Grafton Street is Dublin's premier and most stylish shopping street. Running from St. Stephen's Green to the front entrance of Trinity College, the pedestrians-only street features Dublin's most exclusive department store, Brown Thomas. In 2008 --- the final year of Ireland's "Celtic Tiger" financial boom period --- Grafton Street was the fifth most expensive shopping street in the world. The street is 200 yards / 180 metres long. Many smaller alleyways  and side-streets branch off Grafton and are filled with dozens of independent shops, flower sellers, and some of the south side's favourite pubs, such as Neary's and Bruxelles. 

A Street Filled With Music

Throughout the year, buskers and other street performers can be found on Grafton Street, entertaining the passers-by. In spring and summer months, however, the number of street performers gradually increases, and they are dotted along both sides of the street. The exciting beat of drums, and the melodic chorus of whistles, pipes and strings fill the air, as musicians, magicians, poets and mime artists perform their acts for the shopping crowds.

Bewley's Café

Another famous landmark is Bewley's Oriental Café at No. 78. The Bewley family were Quakers from France, who moved to Ireland in the 18th century and entered the tea trade and in 1835. The Grafton Street cafe was the third in the chain (the first, on Westmoreland Street, is now a Starbucks).  The most impressive feature of the Bewley's Grafton Street Cafe are the six large and magnificent stained-glass windows that flank the tables in the main coffee shop area. The windows were designed by Irish artist Harry Clarke, in the final year of his life, 1931. 

Bewley's Cafe Theatre

Upstairs, the Bewley Cafe Theatre is an intimate lunchtime and evening venue that offers comedy, jazz, and cabaret in the evening. Doors for lu 12.50pm. Lunchtime shows are typically one-acts, and feature innovative, emerging drama. Evening gigs typically feature comedy, jazz, cabaret or acoustic performances. A popular eating and meeting hotspot, the theatre serves affordable light lunches, a full evening bar, and offers nice views out on Grafton Street. 

Molly Malone Statue

Grafton Street is famous for its statue of Molly Malone, the famous street trader, who had a song named after her.

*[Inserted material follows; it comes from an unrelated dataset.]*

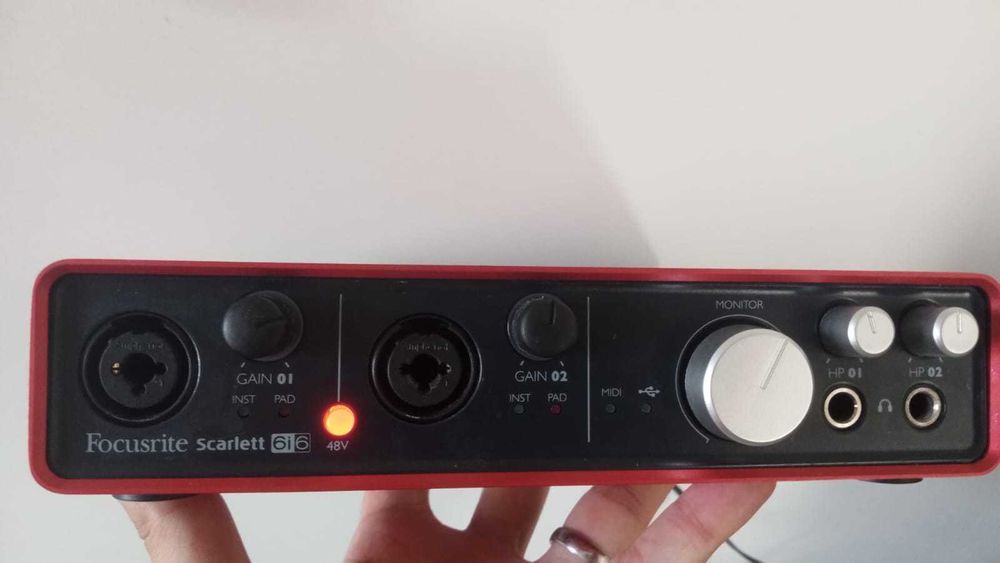 Interface De Áudio Focusrite Scarlett 6i6 2nd, 3 anos de uso.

Note: the Molly Malone statue has been temporarily moved to nearby Andrew Street, due to construction of a tram line. The monument is expected to be returned to Grafton Street before the end of 2017.

There is no evidence to suggest that Molly Malone was real. Although the song does not suggest it, many representations depict Molly Malone as being a fish-trader by day, while freelancing as a prostitute by night. This bronze statue keeps with that tradition, as the life-sized, ample-chested Molly wears a noticeably low-cut dress while pushing her wheelbarrow of fish. Created by Cork-based sculptor Jeanne Rynhart, the statue was commissioned to celebrate Dublin's millennium in 1988. Read more about the Molly Malone statue.

The Origin of Grafton Street

The street was named after Henry FitzRoy, the first Duke of Grafton, who was the illegitimate son of Charles II of England. The Duke of Grafton owned land in what was then the countryside near Dublin. His descendants, the Dawsons, went on become one of 18th century Dublin's wealthiest families. In 1708, the Dawsons developed a merchant street on what was were then country laneway on their Dublin land, and named it after the Duke of Grafton. A parallel street was named Dawson street.  However, Grafton Street was prone to flooding when the Liffey burst its banks. It wasn't until O'Connell Bridge --- originally called Charleville Bridge --- was built in 1708,  Grafton Street really took off, as there was now a direct link from Dublin's main street -- then called Sackville Street.